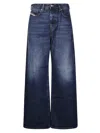 Diesel Wide-leg High-waist Denim Jeans With Vintage Wash In Blue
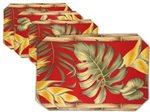 Kalama Collection Hawaiian Flower Red Polyester Hawaiian Table Mat 4-piece Set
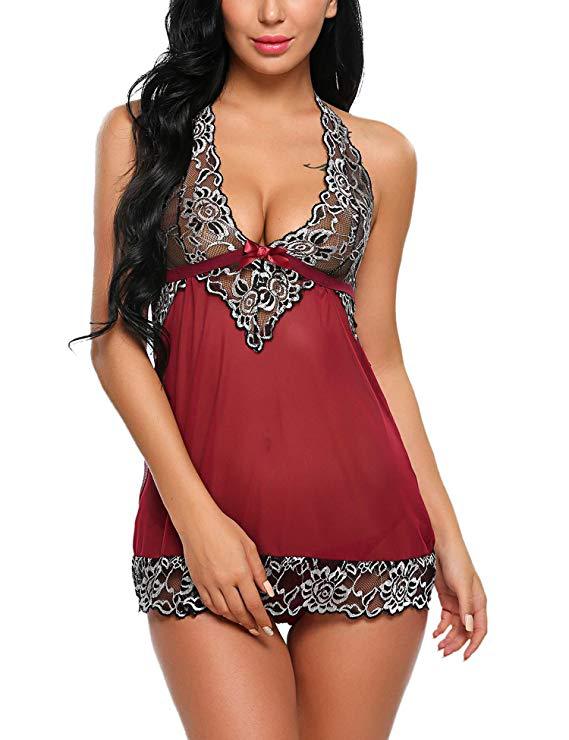 Nightwear V-Neck Lace Lingerie Babydoll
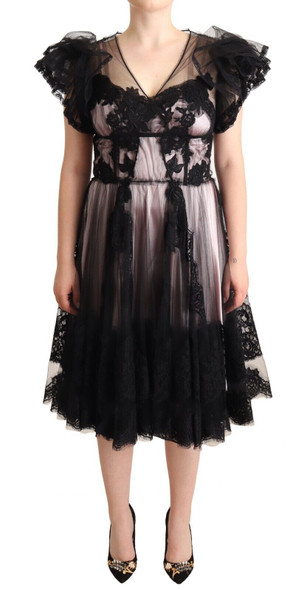 Black Pink Floral Lace A-line Midi Sheer Dress Black Pink Floral Lace A-line Midi Sheer Dress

REQUIRED WORK:
Any picture in the material is to be dropped; the rest is repeated exactly.

RESPONSE TO THE TASK:
 Diesel Wide-leg High-waist Denim Jeans With Vintage Wash In Blue
 Kalama Collection Hawaiian Flower Red Polyester Hawaiian Table Mat 4-piece Set
 Nightwear V-Neck Lace Lingerie Babydoll
 Black Pink Floral Lace A-line Midi Sheer Dress Black Pink Floral Lace A-line Midi Sheer Dress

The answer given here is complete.